Exercise description: Transcribe the lines below verbatim, skipping the images.

[Caption-style text data]
.....

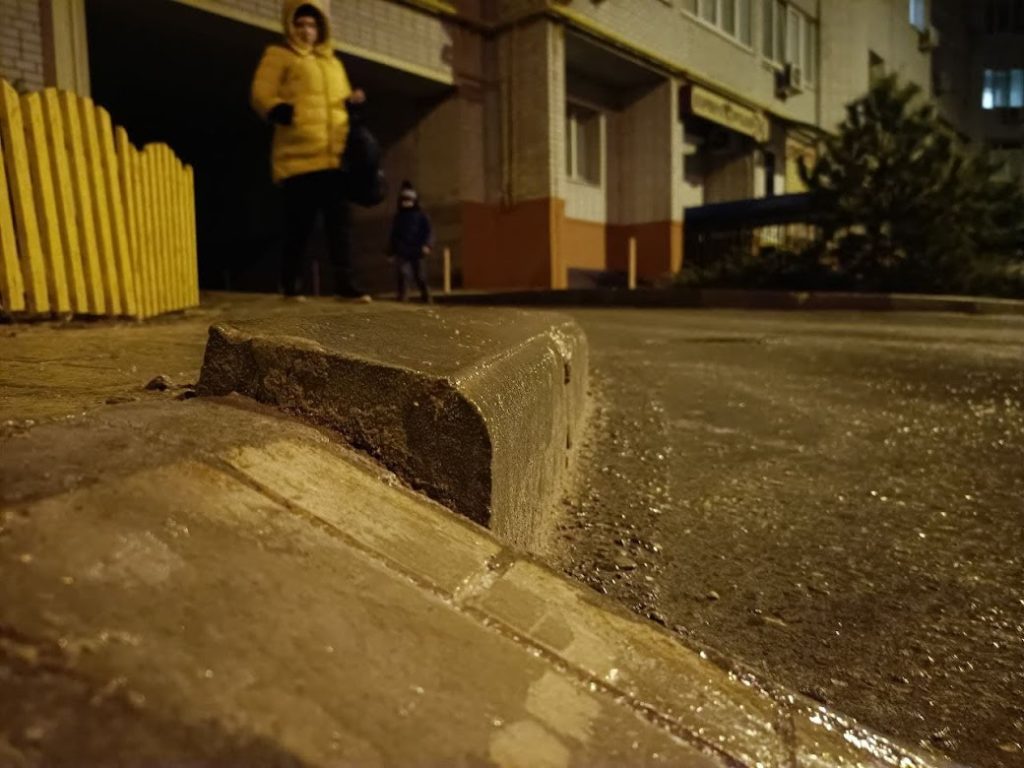 В Волжском проверили обработку дорог в условиях гололеда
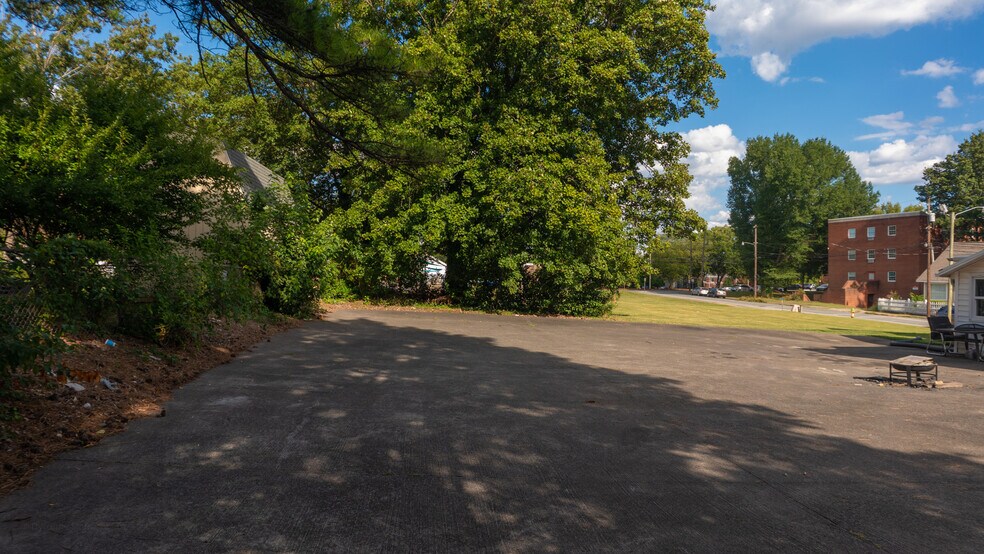 More Photos Of 927 Apple St, Winston-Salem Multifamily For Sale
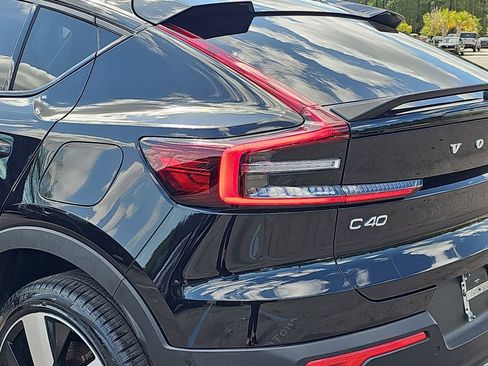 Used 2023 Volvo C40 P8 Recharge Ultimate image 38
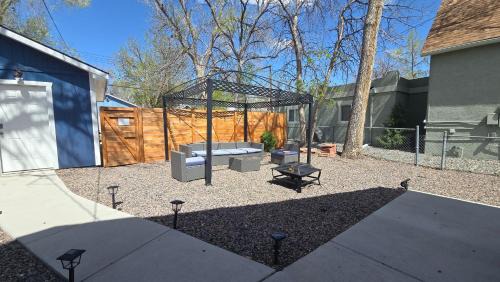 Colorado Springs House | Historic Home w/Pikes Peak Views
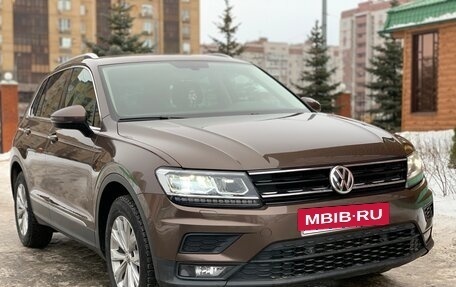 Volkswagen Tiguan II, 2018 год, 2 590 000 рублей, 3 фотография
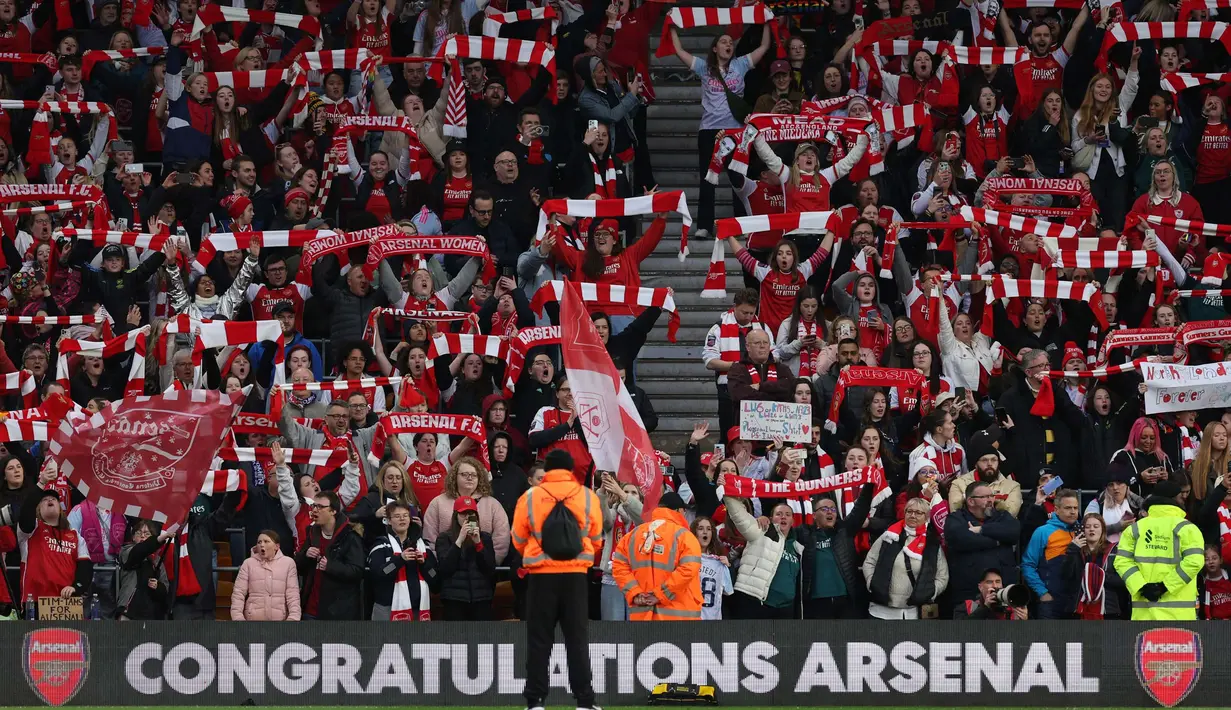 Para penggemar Arsenal merayakan gelar juara Piala Liga Wanita Inggris di Molineux, Wolverhampton, Inggris pada 31 Maret 2024. (Adrian DENNIS/AFP)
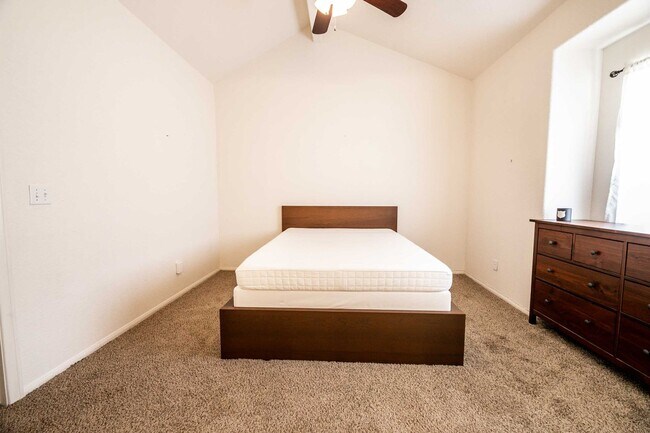 Foto del edificio - Cute 2 Bedroom Condo FOR RENT!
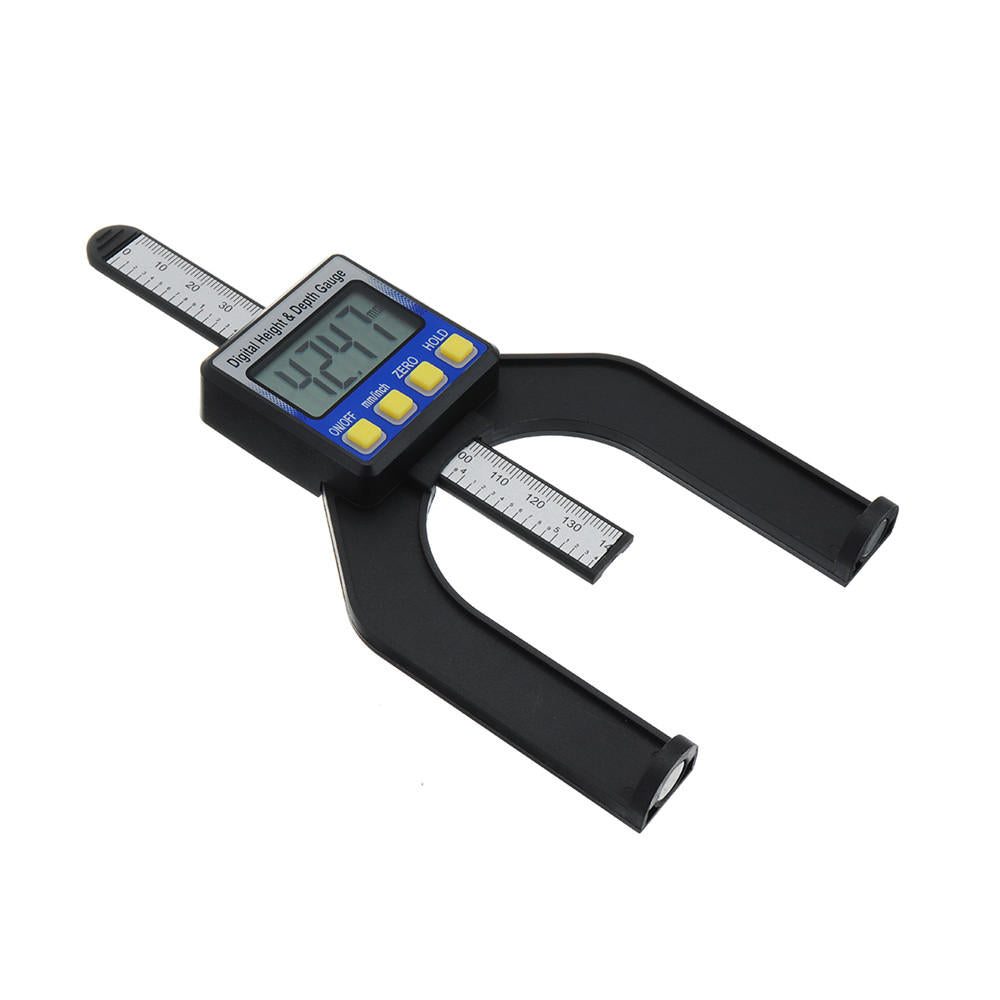Digital height gauge / depth gauge for e.g. milling table saw ( depth gauge )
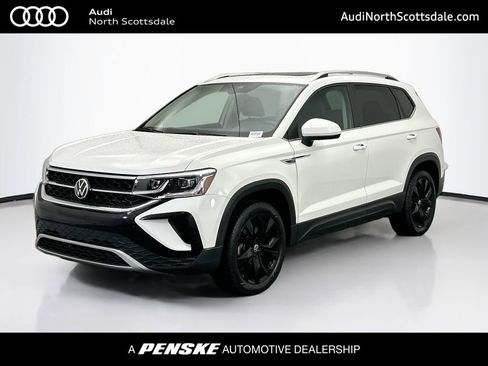 Used 2022 Volkswagen Taos SEL image 1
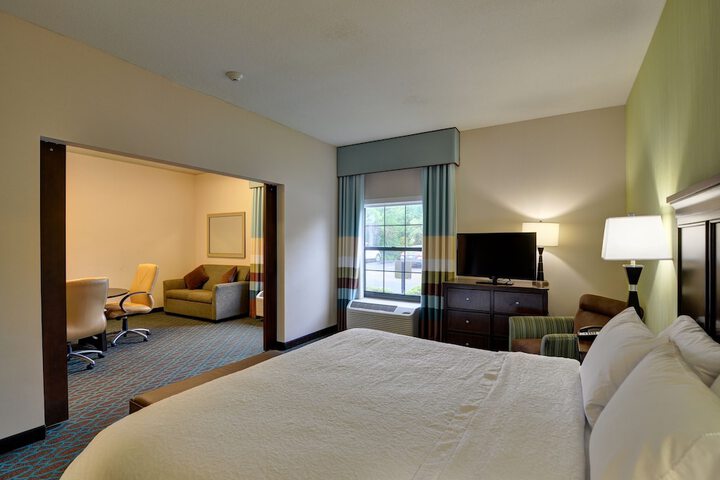 Room 33 of 67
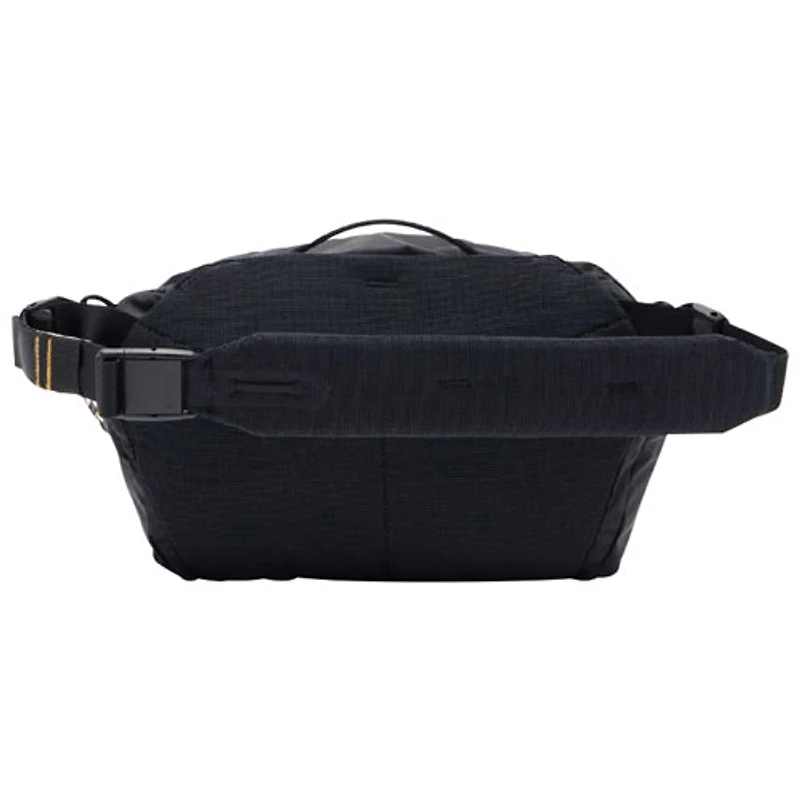 Peak Design Outdoor 7L Digital SLR Camera Sling Bag (BAS-7-BK-1) - Black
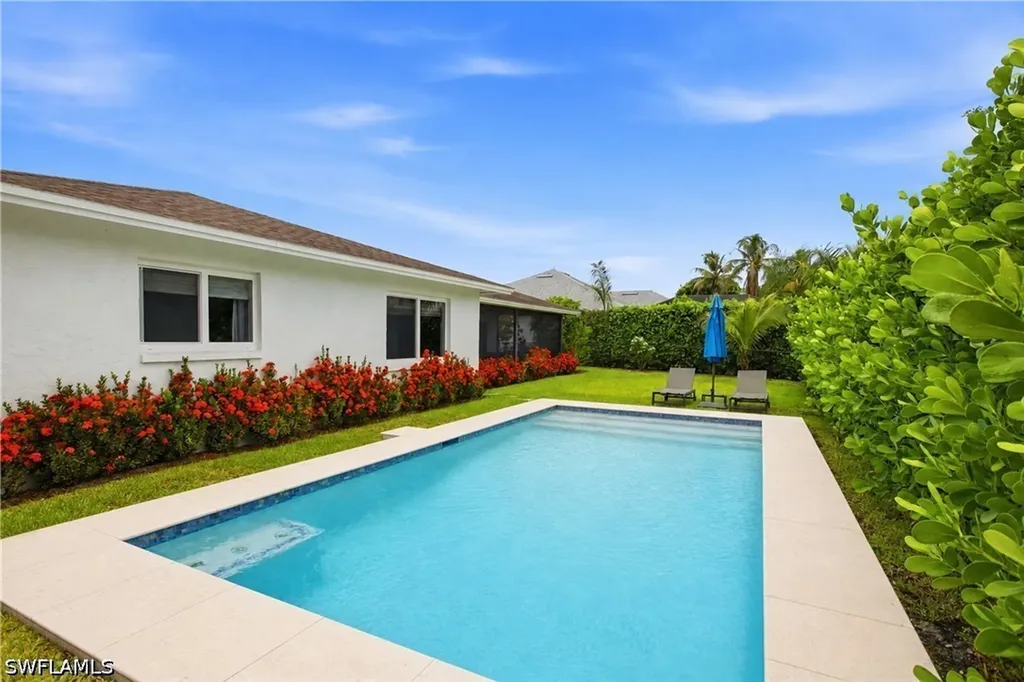 9690 Sussex Street Naples FL 34109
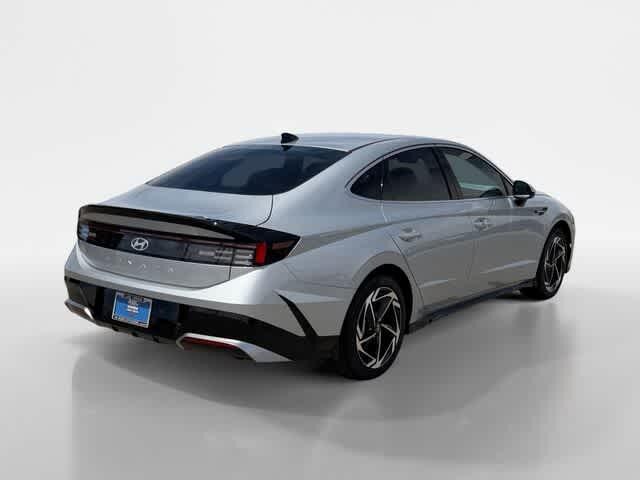 Thumbnail: 2026 Hyundai Sonata - 5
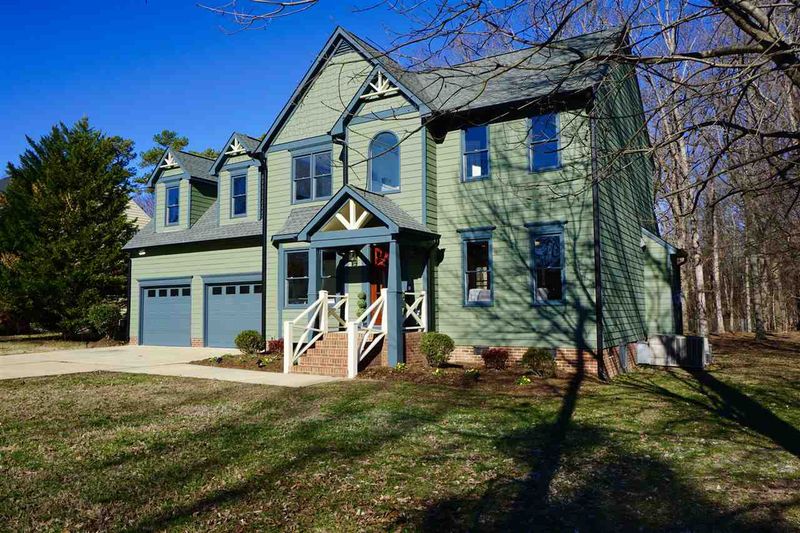1305 Briardale Ln, Durham, NC 27712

.....

Exercise output:
 В Волжском проверили обработку дорог в условиях гололеда
 More Photos Of 927 Apple St, Winston-Salem Multifamily For Sale
 Used 2023 Volvo C40 P8 Recharge Ultimate image 38
 Colorado Springs House | Historic Home w/Pikes Peak Views
 Volkswagen Tiguan II, 2018 год, 2 590 000 рублей, 3 фотография
 Para penggemar Arsenal merayakan gelar juara Piala Liga Wanita Inggris di Molineux, Wolverhampton, Inggris pada 31 Maret 2024. (Adrian DENNIS/AFP)
 Foto del edificio - Cute 2 Bedroom Condo FOR RENT!
Digital height gauge / depth gauge for e.g. milling table saw ( depth gauge )
 Used 2022 Volkswagen Taos SEL image 1
 Room 33 of 67
 Peak Design Outdoor 7L Digital SLR Camera Sling Bag (BAS-7-BK-1) - Black
 9690 Sussex Street Naples FL 34109
 Thumbnail: 2026 Hyundai Sonata - 5
1305 Briardale Ln, Durham, NC 27712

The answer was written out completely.